(Problem) Print only the lines from the top of the data through the line with "Before I do", both included, skipping every picture.
------ Provided material ------
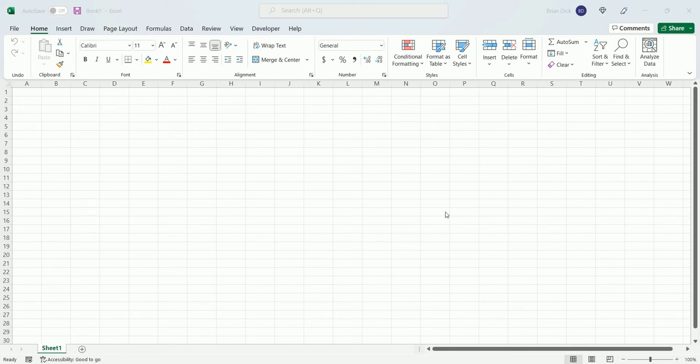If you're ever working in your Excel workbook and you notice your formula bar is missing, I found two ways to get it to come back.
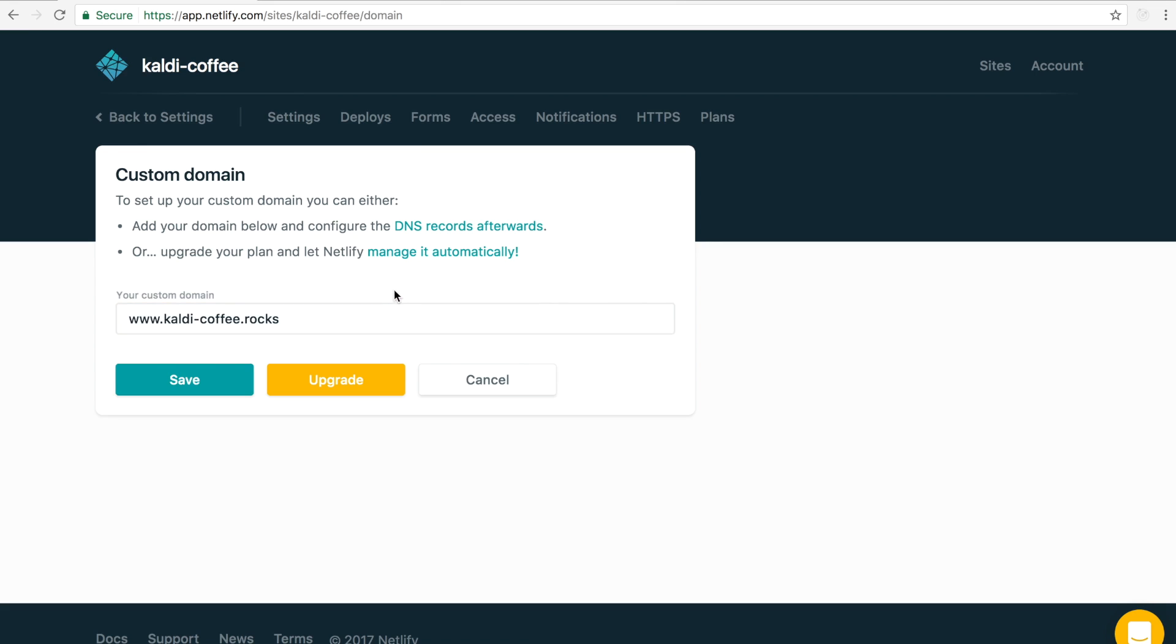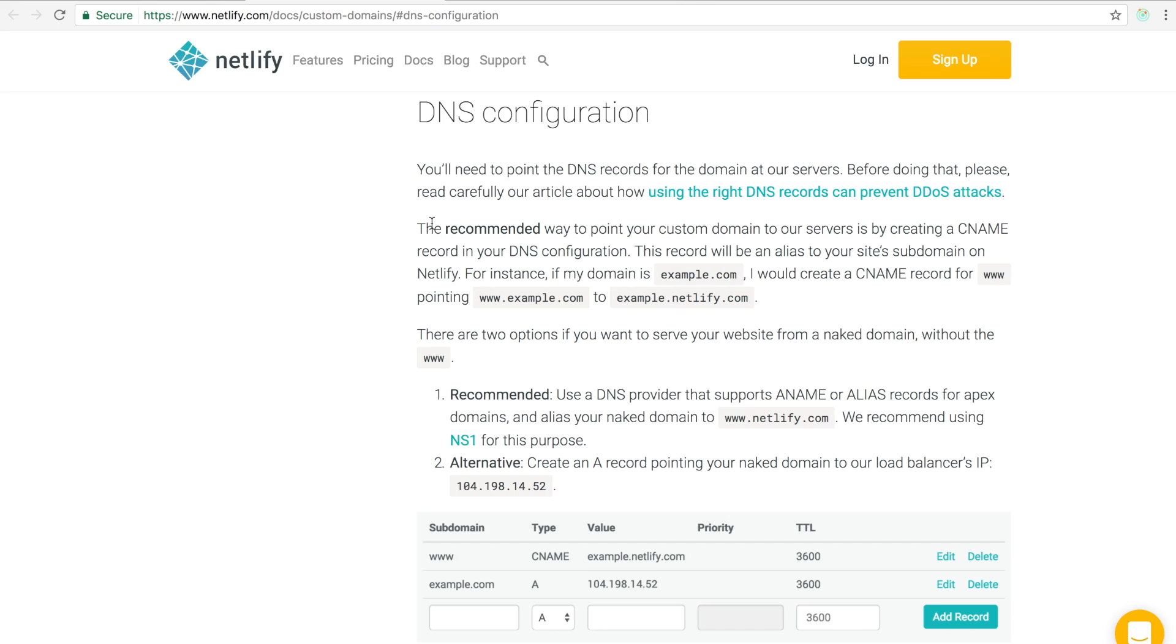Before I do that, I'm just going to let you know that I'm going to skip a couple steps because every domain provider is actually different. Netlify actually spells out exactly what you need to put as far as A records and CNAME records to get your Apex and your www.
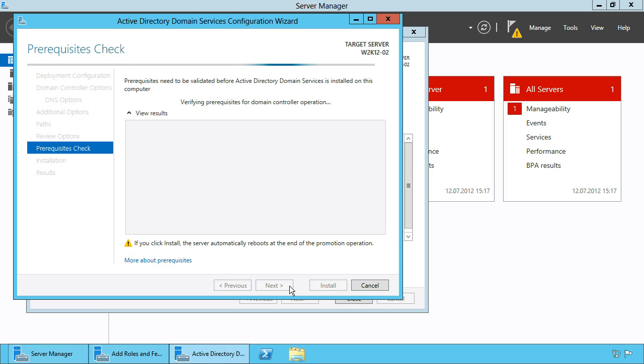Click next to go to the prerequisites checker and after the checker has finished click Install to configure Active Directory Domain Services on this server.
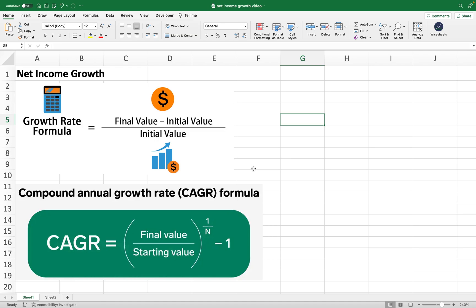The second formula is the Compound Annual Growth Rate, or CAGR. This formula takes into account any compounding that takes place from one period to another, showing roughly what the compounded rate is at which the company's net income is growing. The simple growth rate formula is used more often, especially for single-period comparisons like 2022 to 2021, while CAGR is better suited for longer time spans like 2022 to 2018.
------
(Written response)
If you're ever working in your Excel workbook and you notice your formula bar is missing, I found two ways to get it to come back.
Before I do that, I'm just going to let you know that I'm going to skip a couple steps because every domain provider is actually different. Netlify actually spells out exactly what you need to put as far as A records and CNAME records to get your Apex and your www.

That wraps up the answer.